Great news for everyone following this project! We’ve successfully implemented TensorRT 10.3 acceleration, and the results are significant:
Performance Improvement
| Metric | Before (PyTorch) | After (TensorRT) | Improvement |
|---|---|---|---|
| FPS | 6.35 | 43+ | 6.8x faster |
| Inference Time | 153ms | ~23ms | 6.6x faster |
| GPU Utilization | 35-69% | 85%+ | More efficient |
Test Platform: Jetson Orin NX 16GB (Seeed reComputer J4012), JetPack 6.2, TensorRT 10.3
Key Technical Achievement: Host-Container Split Architecture
We solved a significant Jetson deployment challenge - TensorRT Python bindings are broken in current Jetson container images (dusty-nv/jetson-containers#714). Our solution:
HOST (JetPack 6.x)
+--------------------------------------------------+
| TRT Inference Service (trt_inference_shm.py) |
| - TensorRT 10.3, ~15ms inference |
+--------------------------------------------------+
↑
| /dev/shm/da3 (shared memory, ~8ms IPC)
↓
+--------------------------------------------------+
| Docker Container (ROS2 Humble) |
| - Camera drivers, depth publisher |
+--------------------------------------------------+
This architecture enables real-time TensorRT inference while keeping ROS2 in a clean container environment.
One-Click Demo
git clone https://github.com/GerdsenAI/GerdsenAI-Depth-Anything-3-ROS2-Wrapper.git
cd GerdsenAI-Depth-Anything-3-ROS2-Wrapper
./run.sh
First run takes ~15-20 minutes (Docker build + TensorRT engine). Subsequent runs start in ~10 seconds.

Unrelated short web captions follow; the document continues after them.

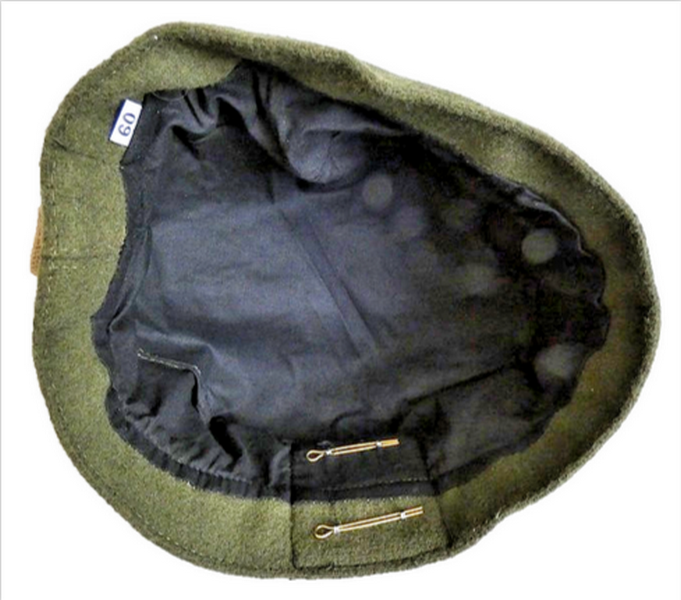 Scottish Tam O Shanter Tailored Hat Cap Bonnet Metal Badge RRS British Army 60 L-XL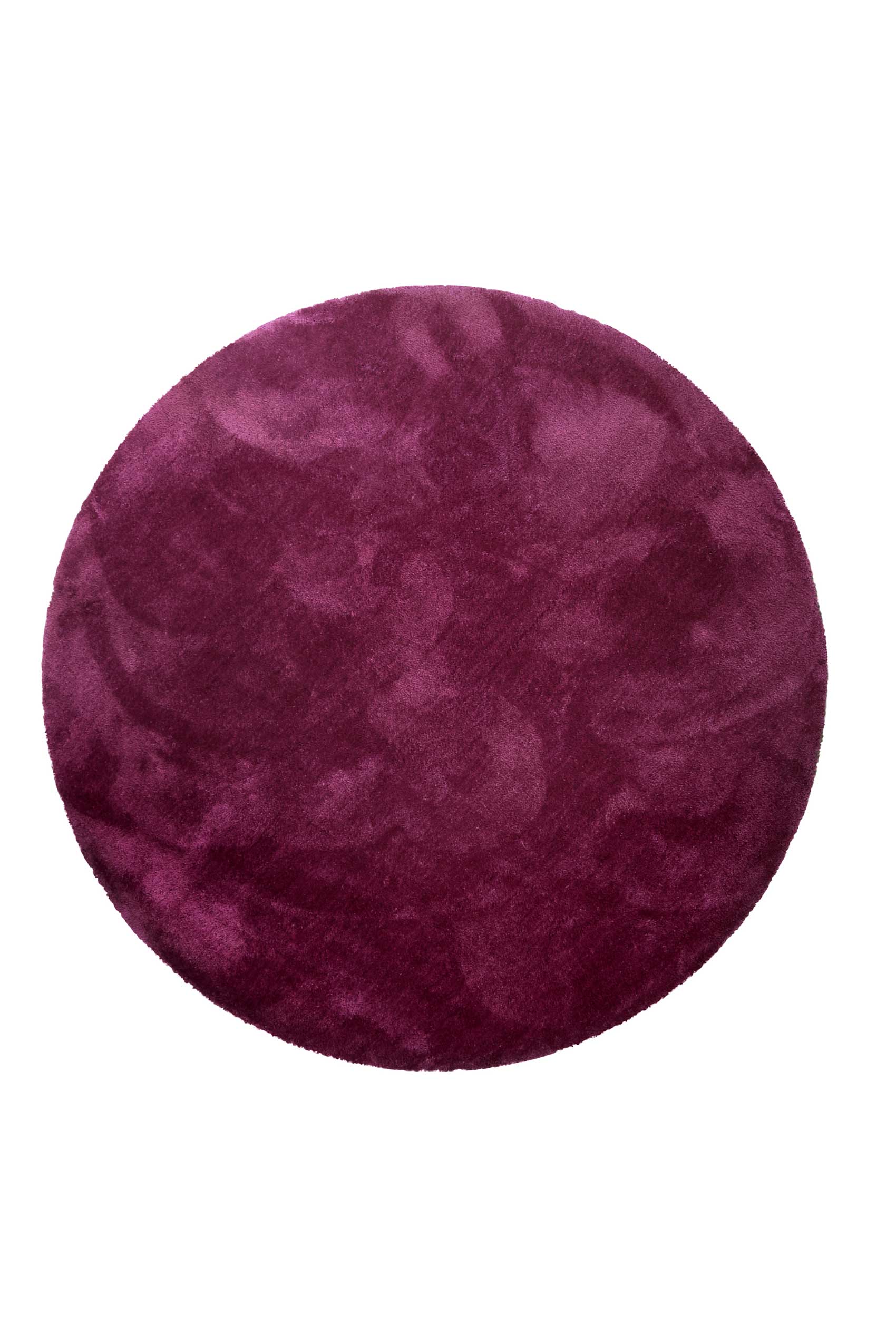 Teppich Rund Pink Violett Hochflor 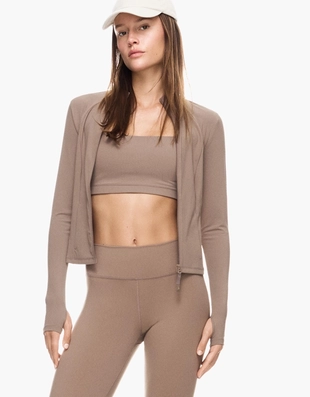 Куртка из быстросохнущей и дышащей ткани с молнией- Заказать в России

Compared to Other Implementations
We’re aware of ika-rwth-aachen/ros2-depth-anything-v3-trt which achieves 50 FPS on desktop RTX 6000. Our focus is different:
- Embedded-first: Optimized for Jetson deployment challenges
- Container-friendly: Works around broken TRT bindings in Jetson images
- Production-ready: One-click deployment, auto-dependency installation
Call for Contributors
We’re looking for help with:
- Test coverage for SharedMemory/TensorRT code paths
- Validation on other Jetson platforms (AGX Orin, Orin Nano)

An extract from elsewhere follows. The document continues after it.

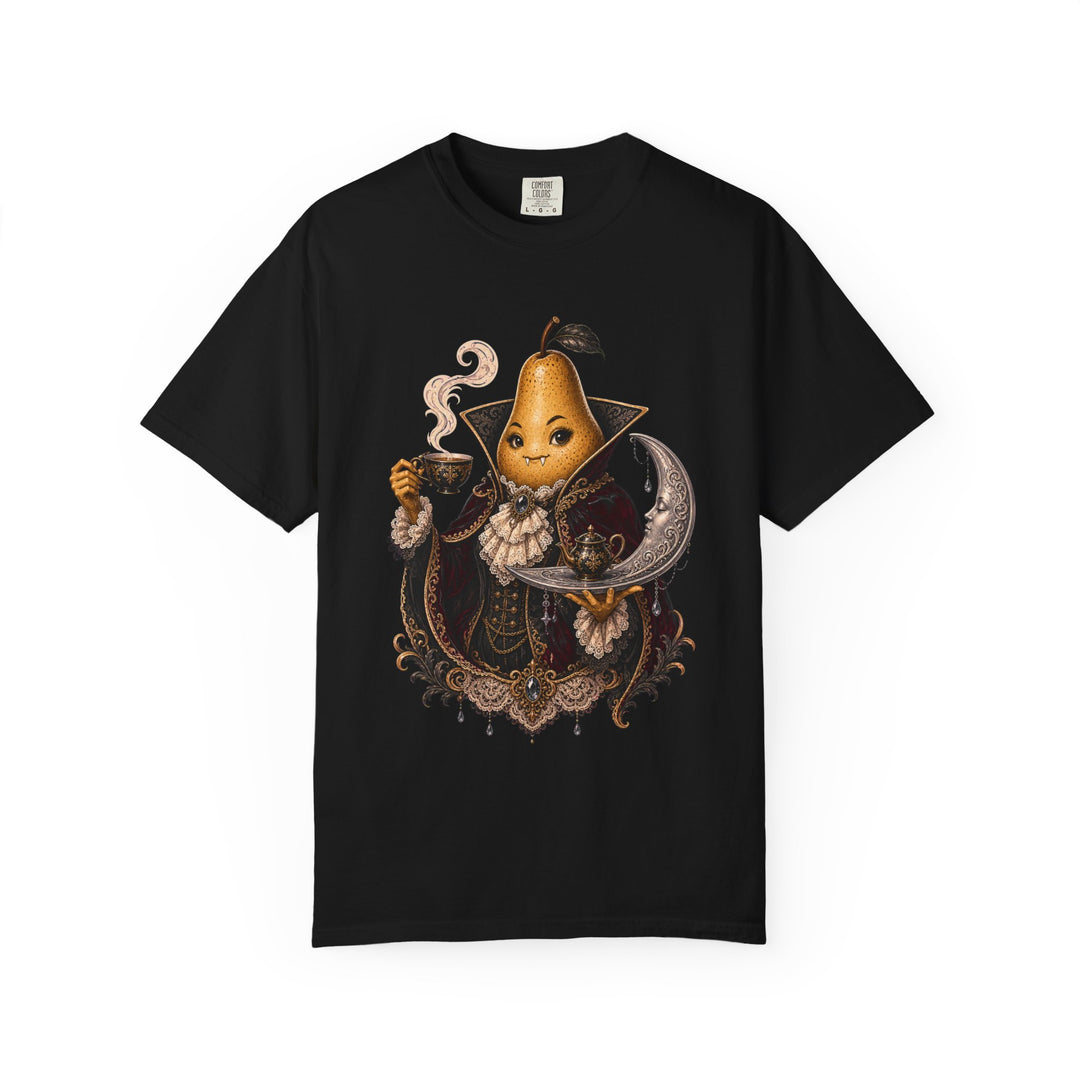 Baroque Vampire Pear Tea Host T-Shirt Graphic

- Point cloud generation (currently depth-only)
Repo: GitHub - GerdsenAI/GerdsenAI-Depth-Anything-3-ROS2-Wrapper: ROS2 wrapper for Depth Anything 3 (https://github.com/ByteDance-Seed/Depth-Anything-3)
License: MIT
@Phocidae @AljazJus - the TensorRT optimization should help significantly with your projects! Let me know if you run into any issues.